Let’s just say you have to at least know where the curve actually is, so as to position yourself and your brand appropriately in relation to it.
An increasingly effective way to achieve this is to employ trend forecasting. G&C’s client Mindshare offers just that. Their global Scout Network keeps a constant vigil on trends within all aspects of culture including music, design, food and technology.
Innovations that are happening in little coffee shops in Seattle … in the small fashion boutiques of Barcelona’s laneways … on the turntables of Tokyo nightclubs – Mindshare takes all of this and serves it up in bite size chunks for marketers to digest and repurpose for their own brands. The result is Mindshare’s Culture Vulture – a data-rich survey collated and then disseminated via an app.

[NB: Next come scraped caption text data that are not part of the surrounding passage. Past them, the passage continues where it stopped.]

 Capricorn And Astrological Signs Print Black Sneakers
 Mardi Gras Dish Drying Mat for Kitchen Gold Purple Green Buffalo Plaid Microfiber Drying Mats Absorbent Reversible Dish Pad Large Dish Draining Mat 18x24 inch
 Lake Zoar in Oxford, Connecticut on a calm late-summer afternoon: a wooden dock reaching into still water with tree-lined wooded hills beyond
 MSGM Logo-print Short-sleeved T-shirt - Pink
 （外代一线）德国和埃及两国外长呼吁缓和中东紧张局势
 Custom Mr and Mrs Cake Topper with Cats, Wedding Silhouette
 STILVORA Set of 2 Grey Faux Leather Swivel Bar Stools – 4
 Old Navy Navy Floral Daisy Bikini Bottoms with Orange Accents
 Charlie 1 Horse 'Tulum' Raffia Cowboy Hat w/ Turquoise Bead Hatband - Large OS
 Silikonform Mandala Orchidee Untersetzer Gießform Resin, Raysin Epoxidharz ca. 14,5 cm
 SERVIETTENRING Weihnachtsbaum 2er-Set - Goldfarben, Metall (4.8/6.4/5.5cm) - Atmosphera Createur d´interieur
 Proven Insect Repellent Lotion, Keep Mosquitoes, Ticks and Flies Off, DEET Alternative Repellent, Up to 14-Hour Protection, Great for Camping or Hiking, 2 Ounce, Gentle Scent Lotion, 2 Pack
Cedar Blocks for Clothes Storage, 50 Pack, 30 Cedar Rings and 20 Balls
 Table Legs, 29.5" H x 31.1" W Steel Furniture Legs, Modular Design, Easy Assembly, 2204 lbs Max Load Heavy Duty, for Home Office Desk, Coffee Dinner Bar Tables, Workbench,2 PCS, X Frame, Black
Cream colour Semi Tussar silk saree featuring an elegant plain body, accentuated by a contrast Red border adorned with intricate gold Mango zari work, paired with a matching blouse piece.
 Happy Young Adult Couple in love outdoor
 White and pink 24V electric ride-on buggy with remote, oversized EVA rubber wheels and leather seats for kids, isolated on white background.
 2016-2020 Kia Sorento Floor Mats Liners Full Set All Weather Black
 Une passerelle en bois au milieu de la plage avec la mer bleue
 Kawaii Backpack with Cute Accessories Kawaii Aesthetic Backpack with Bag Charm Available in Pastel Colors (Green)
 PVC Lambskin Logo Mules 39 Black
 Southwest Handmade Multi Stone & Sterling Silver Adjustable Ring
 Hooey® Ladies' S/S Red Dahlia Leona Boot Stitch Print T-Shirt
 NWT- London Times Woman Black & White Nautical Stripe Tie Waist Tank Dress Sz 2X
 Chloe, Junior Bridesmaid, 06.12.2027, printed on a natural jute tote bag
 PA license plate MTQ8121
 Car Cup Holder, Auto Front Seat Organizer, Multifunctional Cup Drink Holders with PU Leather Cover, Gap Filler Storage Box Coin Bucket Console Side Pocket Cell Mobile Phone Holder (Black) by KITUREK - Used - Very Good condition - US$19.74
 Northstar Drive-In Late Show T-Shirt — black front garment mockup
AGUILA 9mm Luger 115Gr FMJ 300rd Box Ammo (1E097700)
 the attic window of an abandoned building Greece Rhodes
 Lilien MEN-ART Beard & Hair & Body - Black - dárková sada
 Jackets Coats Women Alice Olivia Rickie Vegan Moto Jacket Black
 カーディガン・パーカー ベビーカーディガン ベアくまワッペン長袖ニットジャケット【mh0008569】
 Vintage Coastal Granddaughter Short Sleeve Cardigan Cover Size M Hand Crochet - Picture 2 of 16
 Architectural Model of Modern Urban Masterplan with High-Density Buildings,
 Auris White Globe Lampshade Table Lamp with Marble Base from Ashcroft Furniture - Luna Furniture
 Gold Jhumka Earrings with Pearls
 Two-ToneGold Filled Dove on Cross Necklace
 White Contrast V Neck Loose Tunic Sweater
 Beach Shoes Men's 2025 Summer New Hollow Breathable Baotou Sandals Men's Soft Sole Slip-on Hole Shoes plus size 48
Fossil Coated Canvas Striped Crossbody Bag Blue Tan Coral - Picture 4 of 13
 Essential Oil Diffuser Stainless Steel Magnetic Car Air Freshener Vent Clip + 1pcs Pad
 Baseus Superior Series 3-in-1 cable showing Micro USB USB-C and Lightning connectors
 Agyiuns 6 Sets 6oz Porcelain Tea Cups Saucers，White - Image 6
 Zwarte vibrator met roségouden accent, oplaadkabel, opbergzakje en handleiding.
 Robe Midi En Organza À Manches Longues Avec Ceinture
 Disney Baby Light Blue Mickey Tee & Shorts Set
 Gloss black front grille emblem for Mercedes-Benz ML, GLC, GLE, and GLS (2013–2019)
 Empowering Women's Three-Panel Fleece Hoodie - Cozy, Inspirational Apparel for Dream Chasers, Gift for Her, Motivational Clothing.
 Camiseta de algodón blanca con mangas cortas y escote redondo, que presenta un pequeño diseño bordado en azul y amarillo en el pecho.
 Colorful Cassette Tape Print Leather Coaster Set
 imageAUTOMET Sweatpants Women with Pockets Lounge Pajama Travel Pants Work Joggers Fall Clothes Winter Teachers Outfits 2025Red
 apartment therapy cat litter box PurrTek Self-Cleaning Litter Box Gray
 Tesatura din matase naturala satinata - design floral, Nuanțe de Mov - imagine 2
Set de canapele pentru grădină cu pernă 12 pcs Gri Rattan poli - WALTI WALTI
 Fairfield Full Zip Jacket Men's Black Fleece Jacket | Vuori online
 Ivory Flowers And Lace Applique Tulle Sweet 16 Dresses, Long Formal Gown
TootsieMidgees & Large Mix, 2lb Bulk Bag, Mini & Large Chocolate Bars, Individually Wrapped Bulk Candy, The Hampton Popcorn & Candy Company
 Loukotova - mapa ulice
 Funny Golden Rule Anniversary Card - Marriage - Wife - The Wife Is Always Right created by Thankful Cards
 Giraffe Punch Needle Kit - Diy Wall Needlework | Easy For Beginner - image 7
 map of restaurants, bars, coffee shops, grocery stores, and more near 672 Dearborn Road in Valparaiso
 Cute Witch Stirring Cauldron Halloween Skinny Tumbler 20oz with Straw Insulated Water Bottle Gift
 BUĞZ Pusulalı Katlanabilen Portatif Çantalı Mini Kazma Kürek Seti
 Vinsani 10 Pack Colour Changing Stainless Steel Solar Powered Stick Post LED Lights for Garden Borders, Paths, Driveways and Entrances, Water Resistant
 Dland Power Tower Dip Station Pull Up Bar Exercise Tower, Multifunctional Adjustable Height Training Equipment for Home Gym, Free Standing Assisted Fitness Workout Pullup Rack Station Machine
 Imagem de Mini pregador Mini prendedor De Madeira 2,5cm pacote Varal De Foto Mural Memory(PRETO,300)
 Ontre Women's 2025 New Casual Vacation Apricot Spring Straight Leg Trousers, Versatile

As any marketer who ever took their eye off the ‘trending’ road for a moment knows, when something hits, it hits big. The trick is to get in first. Nobody wants to be ‘so last year.’ Mindshare’s clients benefit from Culture Vulture’s in-depth global snapshot of all that’s sparking interest across every territory. Their scouts are watching thousands of YouTube clips, attending underground gigs, noshing on new flavour combinations and trawling the internet, all with the aim of finding little ‘difference gems’.
Trend forecasting is particularly useful to help marketers borrow innovation from one channel and use that knowledge to inspire innovation in another. Insights into fashion’s current ‘grunge’ resurgence in Toronto may help drive retro product design for brands in Melbourne, for example.
In some regards, trend forecasts are as much about influencing the future as passively reflecting it. Inform the design industry that custom crafted fonts will be the ‘in thing’ next year, and before Museo Light can cry for help every studio from London to Louisville will be downloading Fontlab Studio. A focus is created. Then demand dictates supply.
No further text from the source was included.